**Data records:**

★ ★ ★ ★

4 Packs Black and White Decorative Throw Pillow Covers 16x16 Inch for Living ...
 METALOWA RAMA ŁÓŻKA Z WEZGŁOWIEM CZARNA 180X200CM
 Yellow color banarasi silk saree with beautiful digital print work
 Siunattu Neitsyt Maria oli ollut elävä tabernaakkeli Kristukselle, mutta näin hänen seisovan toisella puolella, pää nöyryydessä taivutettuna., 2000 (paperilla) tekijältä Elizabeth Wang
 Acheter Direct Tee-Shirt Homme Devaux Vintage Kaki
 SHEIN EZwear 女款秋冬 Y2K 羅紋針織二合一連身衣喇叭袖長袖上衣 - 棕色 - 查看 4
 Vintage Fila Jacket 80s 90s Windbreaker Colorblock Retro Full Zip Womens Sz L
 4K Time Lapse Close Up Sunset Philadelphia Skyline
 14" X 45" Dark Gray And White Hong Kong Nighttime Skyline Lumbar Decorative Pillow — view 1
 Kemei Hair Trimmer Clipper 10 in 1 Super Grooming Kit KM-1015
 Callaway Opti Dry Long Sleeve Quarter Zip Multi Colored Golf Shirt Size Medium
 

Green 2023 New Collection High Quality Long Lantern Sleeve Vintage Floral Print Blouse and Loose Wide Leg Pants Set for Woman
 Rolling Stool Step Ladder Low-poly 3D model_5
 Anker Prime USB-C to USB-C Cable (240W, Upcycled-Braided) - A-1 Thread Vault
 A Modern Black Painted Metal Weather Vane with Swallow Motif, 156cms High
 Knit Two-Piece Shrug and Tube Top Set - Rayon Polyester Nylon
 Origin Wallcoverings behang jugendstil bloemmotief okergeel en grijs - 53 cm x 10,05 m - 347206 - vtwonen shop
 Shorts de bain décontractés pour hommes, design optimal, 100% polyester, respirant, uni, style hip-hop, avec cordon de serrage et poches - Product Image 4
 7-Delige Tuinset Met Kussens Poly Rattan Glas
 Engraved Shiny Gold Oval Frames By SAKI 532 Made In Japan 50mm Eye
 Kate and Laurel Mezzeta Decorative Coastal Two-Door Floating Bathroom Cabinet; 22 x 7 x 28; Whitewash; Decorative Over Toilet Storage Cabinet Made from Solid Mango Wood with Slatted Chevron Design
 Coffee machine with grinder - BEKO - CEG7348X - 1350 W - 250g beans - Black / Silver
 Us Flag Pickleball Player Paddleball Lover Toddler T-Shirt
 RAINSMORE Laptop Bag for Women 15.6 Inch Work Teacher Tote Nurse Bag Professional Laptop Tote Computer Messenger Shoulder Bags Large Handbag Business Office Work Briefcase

★ ★ ★ ★

**EXERCISE GOAL:** Nothing but the lines from the top of the records down to the line with "Vintage Fila Jacket" belongs in the answer; repeat them exactly.

**ANSWER TO THE PROBLEM:**
4 Packs Black and White Decorative Throw Pillow Covers 16x16 Inch for Living ...
 METALOWA RAMA ŁÓŻKA Z WEZGŁOWIEM CZARNA 180X200CM
 Yellow color banarasi silk saree with beautiful digital print work
 Siunattu Neitsyt Maria oli ollut elävä tabernaakkeli Kristukselle, mutta näin hänen seisovan toisella puolella, pää nöyryydessä taivutettuna., 2000 (paperilla) tekijältä Elizabeth Wang
 Acheter Direct Tee-Shirt Homme Devaux Vintage Kaki
 SHEIN EZwear 女款秋冬 Y2K 羅紋針織二合一連身衣喇叭袖長袖上衣 - 棕色 - 查看 4
 Vintage Fila Jacket 80s 90s Windbreaker Colorblock Retro Full Zip Womens Sz L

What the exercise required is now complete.